=== Begin Enclosure ===

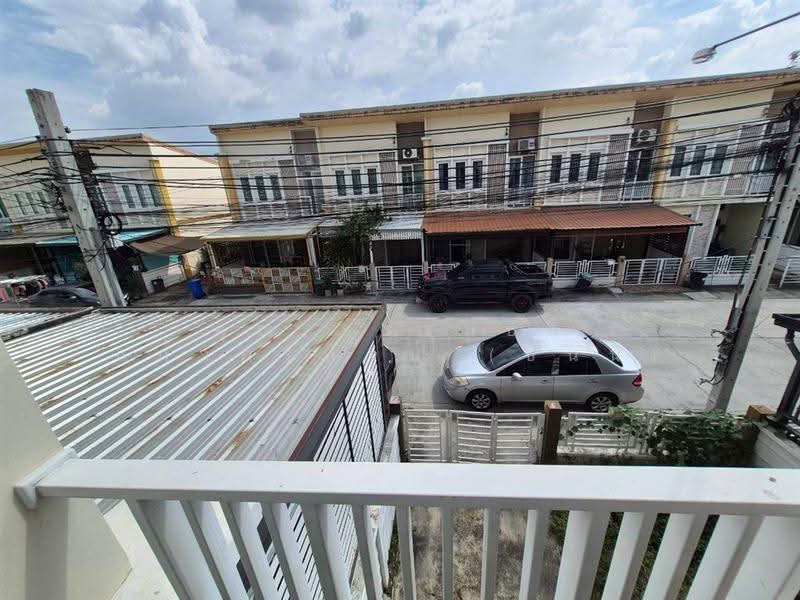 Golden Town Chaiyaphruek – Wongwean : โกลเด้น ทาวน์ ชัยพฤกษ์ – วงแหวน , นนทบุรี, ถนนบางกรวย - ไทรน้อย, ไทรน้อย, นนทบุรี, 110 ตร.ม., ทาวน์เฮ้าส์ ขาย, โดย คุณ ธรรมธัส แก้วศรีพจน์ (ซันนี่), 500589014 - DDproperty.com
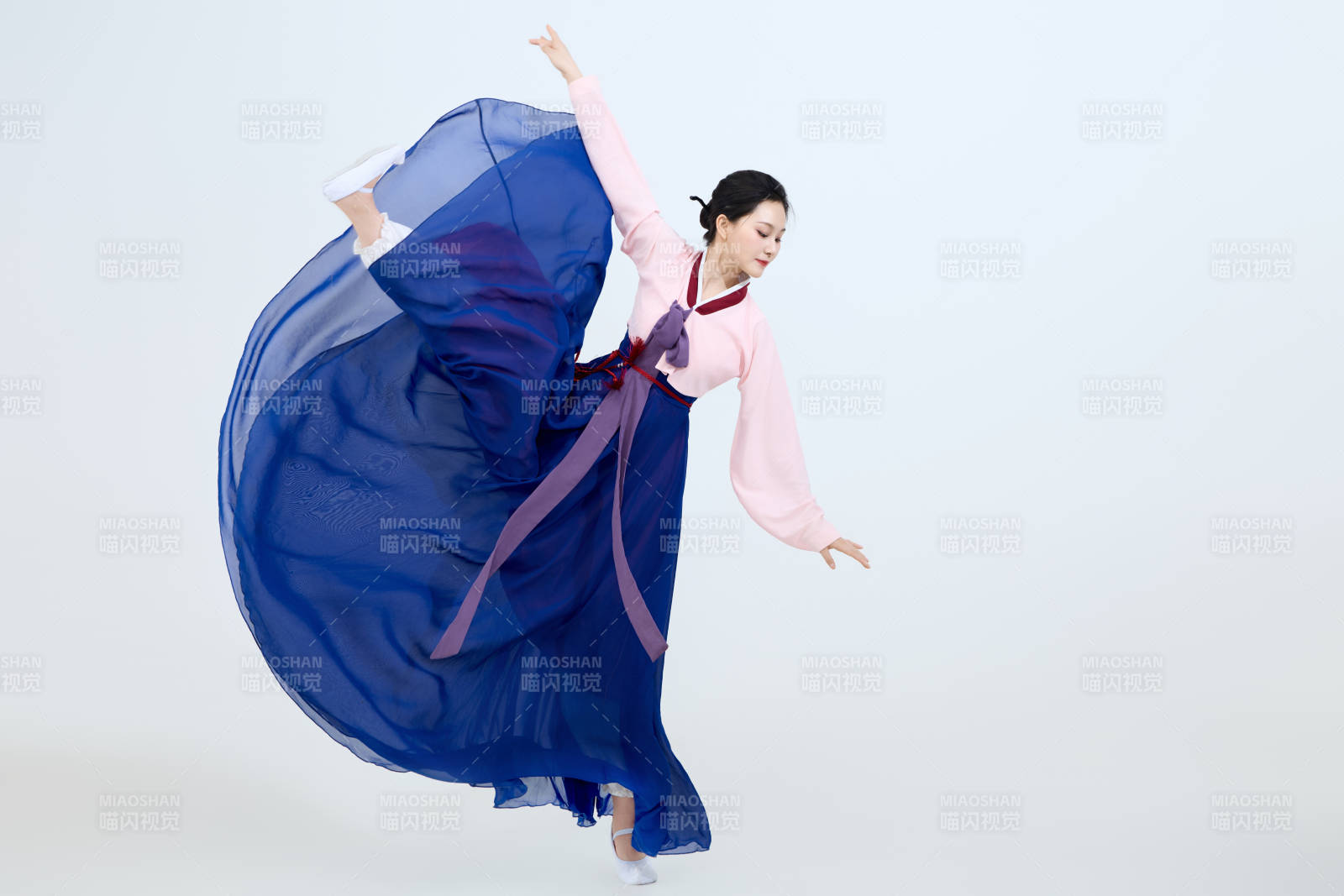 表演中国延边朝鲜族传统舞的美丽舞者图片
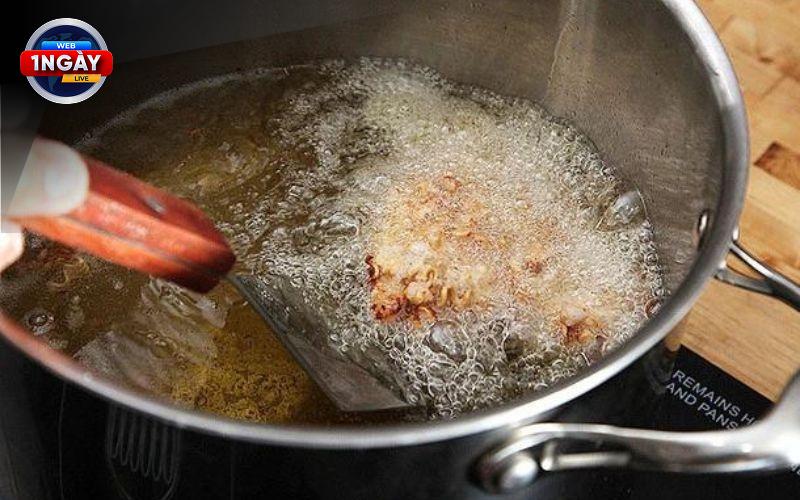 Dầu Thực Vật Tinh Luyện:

=== End Enclosure ===

Repeat the listing word for word, but without its pictures.

 Golden Town Chaiyaphruek – Wongwean : โกลเด้น ทาวน์ ชัยพฤกษ์ – วงแหวน , นนทบุรี, ถนนบางกรวย - ไทรน้อย, ไทรน้อย, นนทบุรี, 110 ตร.ม., ทาวน์เฮ้าส์ ขาย, โดย คุณ ธรรมธัส แก้วศรีพจน์ (ซันนี่), 500589014 - DDproperty.com
 表演中国延边朝鲜族传统舞的美丽舞者图片
 Dầu Thực Vật Tinh Luyện:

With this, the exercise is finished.